Task inputs -
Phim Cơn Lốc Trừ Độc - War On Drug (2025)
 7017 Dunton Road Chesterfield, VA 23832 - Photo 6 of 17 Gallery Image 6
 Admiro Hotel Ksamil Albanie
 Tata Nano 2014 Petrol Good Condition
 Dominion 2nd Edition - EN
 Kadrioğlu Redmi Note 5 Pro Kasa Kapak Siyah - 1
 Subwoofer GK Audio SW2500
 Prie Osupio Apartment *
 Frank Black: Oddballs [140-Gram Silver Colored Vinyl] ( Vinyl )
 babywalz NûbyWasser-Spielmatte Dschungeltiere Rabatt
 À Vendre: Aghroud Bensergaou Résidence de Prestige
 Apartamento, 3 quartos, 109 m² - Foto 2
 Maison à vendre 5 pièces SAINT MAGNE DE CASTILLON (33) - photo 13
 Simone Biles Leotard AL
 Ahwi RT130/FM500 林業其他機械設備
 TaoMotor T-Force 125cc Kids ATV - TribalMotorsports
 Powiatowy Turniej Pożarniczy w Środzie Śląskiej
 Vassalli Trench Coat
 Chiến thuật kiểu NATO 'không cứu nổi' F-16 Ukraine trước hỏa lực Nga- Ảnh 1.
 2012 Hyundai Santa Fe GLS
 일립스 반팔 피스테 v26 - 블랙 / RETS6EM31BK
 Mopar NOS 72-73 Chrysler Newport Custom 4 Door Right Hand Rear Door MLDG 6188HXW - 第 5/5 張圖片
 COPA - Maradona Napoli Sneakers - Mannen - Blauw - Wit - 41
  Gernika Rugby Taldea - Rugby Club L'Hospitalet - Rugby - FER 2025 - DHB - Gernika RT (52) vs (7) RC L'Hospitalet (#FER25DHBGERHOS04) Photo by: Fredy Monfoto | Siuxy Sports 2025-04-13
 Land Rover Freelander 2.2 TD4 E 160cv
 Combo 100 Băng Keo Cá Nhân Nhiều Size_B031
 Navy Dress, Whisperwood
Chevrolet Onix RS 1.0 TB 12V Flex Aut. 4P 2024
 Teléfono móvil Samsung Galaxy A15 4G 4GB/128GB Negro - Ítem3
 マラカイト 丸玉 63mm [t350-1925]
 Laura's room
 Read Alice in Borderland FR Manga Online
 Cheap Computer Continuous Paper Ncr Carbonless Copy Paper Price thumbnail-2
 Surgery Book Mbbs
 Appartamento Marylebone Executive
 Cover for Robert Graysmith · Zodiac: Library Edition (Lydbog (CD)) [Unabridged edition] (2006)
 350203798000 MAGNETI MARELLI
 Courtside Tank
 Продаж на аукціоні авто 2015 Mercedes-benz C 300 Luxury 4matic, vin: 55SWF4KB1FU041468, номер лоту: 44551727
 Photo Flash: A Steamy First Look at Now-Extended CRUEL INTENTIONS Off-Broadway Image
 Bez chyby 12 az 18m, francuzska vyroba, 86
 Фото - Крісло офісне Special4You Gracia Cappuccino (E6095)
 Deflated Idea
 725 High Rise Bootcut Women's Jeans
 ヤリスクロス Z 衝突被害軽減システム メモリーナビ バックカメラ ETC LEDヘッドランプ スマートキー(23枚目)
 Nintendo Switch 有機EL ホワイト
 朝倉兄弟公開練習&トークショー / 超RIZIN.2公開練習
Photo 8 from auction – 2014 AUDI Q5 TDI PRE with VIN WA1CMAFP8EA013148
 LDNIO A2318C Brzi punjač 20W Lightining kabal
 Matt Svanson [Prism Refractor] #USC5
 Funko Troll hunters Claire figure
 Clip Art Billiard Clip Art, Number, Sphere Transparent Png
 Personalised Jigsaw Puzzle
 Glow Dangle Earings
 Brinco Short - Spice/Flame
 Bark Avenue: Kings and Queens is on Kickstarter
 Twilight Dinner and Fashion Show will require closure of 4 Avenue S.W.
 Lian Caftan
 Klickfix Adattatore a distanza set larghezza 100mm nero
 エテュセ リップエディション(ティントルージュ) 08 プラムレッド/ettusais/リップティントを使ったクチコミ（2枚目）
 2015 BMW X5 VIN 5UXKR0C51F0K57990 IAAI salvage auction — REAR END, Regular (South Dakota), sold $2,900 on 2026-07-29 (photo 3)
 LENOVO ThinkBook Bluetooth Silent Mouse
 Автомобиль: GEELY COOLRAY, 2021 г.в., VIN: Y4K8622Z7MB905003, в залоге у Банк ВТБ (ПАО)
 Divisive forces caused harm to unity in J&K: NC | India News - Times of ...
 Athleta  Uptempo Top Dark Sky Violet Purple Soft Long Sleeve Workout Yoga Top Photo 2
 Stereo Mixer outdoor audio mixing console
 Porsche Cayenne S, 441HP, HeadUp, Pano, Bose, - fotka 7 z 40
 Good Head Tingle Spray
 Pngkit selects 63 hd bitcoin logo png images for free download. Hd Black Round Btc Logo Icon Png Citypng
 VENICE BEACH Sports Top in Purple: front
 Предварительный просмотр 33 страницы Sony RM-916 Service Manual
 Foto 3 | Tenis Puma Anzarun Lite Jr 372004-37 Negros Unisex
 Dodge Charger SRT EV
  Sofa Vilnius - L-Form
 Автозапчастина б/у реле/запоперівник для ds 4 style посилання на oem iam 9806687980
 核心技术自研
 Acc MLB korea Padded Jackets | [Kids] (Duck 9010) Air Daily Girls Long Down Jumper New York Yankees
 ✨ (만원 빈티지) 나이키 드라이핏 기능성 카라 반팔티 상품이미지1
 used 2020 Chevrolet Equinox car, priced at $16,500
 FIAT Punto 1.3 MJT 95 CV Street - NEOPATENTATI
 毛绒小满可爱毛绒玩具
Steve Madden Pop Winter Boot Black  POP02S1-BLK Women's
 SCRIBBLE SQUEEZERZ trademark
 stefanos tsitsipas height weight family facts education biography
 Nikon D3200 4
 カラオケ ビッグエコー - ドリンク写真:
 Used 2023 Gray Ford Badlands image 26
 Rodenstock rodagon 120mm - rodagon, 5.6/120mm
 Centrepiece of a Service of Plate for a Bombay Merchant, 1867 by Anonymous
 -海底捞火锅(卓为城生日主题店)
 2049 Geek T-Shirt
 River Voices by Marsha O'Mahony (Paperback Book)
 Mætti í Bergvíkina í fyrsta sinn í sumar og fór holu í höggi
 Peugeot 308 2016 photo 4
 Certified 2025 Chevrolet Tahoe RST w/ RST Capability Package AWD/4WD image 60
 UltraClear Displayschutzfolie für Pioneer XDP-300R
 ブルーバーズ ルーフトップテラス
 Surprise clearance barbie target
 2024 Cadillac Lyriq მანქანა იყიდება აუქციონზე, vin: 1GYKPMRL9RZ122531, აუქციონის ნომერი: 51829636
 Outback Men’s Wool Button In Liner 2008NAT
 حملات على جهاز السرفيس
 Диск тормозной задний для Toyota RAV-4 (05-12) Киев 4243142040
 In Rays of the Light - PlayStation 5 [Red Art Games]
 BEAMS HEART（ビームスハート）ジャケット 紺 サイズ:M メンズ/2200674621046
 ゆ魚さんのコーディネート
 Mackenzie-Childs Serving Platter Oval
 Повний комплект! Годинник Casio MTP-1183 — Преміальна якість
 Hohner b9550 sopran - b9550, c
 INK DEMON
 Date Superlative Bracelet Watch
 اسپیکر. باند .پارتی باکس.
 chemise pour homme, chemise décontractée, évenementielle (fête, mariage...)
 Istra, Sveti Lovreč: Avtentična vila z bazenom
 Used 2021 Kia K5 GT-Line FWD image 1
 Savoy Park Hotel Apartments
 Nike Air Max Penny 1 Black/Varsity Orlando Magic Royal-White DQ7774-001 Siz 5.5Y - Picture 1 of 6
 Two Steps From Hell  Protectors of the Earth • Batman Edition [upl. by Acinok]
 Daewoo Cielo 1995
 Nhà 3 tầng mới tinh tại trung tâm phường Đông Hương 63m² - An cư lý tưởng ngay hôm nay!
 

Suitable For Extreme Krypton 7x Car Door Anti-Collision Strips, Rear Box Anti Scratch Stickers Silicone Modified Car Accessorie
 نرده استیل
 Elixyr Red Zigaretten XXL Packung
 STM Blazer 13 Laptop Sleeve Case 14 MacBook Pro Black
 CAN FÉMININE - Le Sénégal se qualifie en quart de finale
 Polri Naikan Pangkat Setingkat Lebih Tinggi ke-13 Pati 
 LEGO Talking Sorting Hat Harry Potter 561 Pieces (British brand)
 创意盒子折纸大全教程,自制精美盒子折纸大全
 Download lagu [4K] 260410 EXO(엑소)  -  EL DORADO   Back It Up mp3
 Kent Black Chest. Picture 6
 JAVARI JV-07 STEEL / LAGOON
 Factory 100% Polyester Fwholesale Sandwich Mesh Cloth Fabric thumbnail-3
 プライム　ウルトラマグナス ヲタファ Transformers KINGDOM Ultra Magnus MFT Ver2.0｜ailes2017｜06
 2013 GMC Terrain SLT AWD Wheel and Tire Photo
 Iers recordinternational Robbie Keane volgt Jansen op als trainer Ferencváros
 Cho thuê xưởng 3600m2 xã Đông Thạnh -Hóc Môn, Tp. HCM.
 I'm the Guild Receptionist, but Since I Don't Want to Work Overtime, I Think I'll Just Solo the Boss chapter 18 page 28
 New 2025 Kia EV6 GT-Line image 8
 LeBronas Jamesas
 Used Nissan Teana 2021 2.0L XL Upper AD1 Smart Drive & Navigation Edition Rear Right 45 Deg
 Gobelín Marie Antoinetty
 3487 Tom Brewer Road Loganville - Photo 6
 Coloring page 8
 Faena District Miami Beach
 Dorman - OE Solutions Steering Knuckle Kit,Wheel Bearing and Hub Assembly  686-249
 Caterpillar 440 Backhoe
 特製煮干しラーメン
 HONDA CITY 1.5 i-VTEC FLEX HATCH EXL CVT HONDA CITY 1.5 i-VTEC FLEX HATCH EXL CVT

Directions - Set down, exactly as they stand above, the lines starting with the line with "Stereo Mixer outdoor audio mixing console" and going on through the line with "Acc MLB korea", and no others.

Result of the exercise -
 Stereo Mixer outdoor audio mixing console
 Porsche Cayenne S, 441HP, HeadUp, Pano, Bose, - fotka 7 z 40
 Good Head Tingle Spray
 Pngkit selects 63 hd bitcoin logo png images for free download. Hd Black Round Btc Logo Icon Png Citypng
 VENICE BEACH Sports Top in Purple: front
 Предварительный просмотр 33 страницы Sony RM-916 Service Manual
 Foto 3 | Tenis Puma Anzarun Lite Jr 372004-37 Negros Unisex
 Dodge Charger SRT EV
  Sofa Vilnius - L-Form
 Автозапчастина б/у реле/запоперівник для ds 4 style посилання на oem iam 9806687980
 核心技术自研
 Acc MLB korea Padded Jackets | [Kids] (Duck 9010) Air Daily Girls Long Down Jumper New York Yankees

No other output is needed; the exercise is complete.